#### Assigned task
Return the material below exactly, but only from the line with "Simple Grey Turtleneck Knit Sweater Fall" through the line with "Image of 10", and without its pictures.

#### Input data
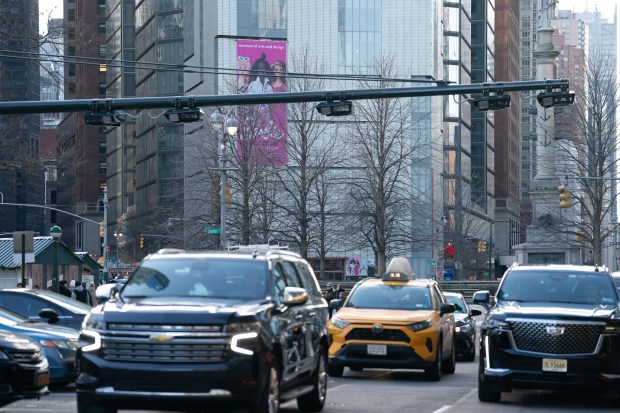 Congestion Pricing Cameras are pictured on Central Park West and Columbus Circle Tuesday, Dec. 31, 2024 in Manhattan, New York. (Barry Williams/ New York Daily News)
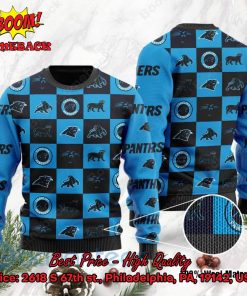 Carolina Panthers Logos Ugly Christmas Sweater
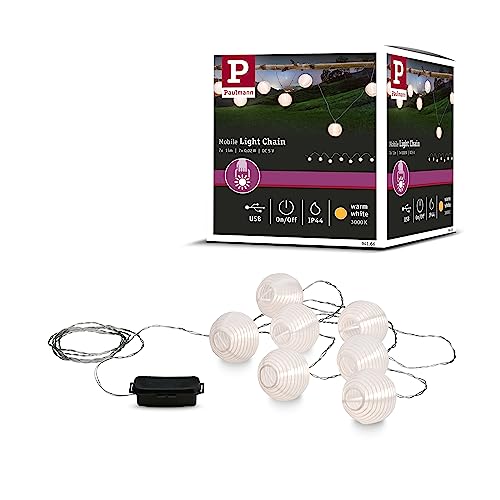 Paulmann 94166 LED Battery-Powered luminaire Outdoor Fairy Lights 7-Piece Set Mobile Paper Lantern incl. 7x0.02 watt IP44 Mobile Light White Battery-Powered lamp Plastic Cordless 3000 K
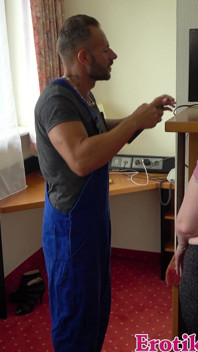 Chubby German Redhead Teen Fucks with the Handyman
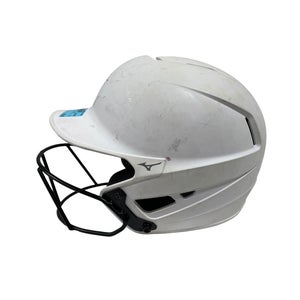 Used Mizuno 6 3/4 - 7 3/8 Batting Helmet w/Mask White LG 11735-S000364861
--
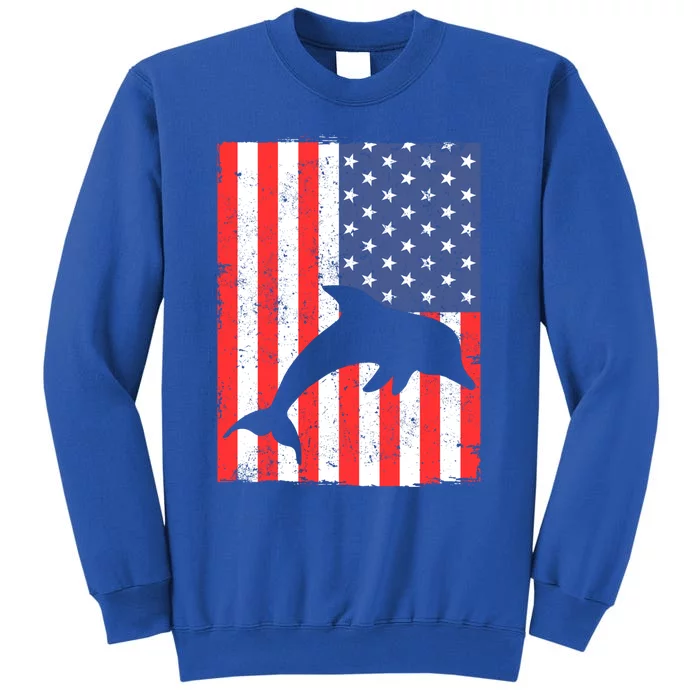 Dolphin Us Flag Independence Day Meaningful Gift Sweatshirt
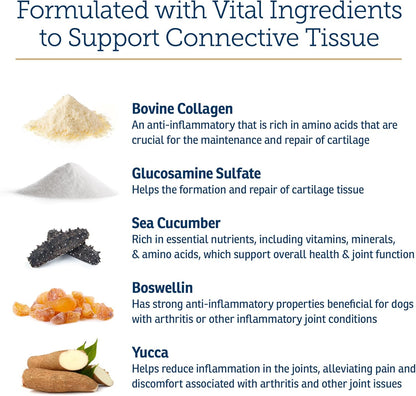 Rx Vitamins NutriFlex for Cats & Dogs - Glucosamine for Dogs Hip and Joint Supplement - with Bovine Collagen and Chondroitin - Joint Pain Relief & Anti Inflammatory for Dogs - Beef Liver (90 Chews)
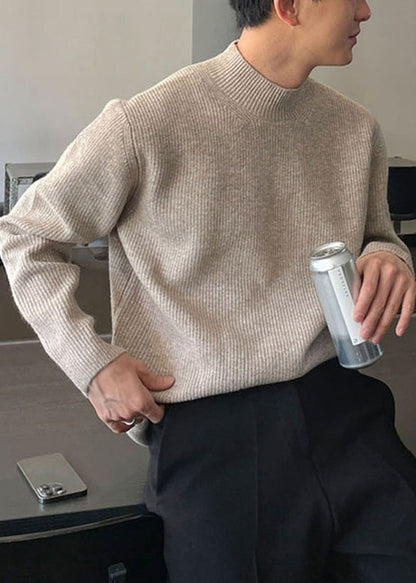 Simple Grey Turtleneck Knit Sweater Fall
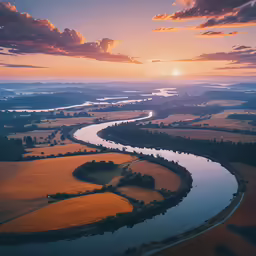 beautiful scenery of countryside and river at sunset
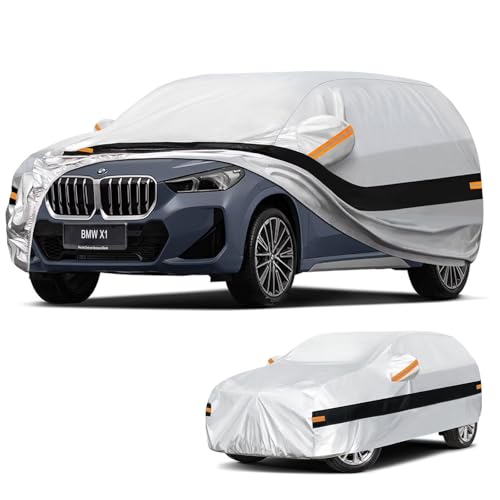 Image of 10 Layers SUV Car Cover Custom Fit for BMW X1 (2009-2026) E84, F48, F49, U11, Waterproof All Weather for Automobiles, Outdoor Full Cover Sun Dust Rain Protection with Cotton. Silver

#### Solution for this problem
 Simple Grey Turtleneck Knit Sweater Fall
 beautiful scenery of countryside and river at sunset
 Image of 10 Layers SUV Car Cover Custom Fit for BMW X1 (2009-2026) E84, F48, F49, U11, Waterproof All Weather for Automobiles, Outdoor Full Cover Sun Dust Rain Protection with Cotton. Silver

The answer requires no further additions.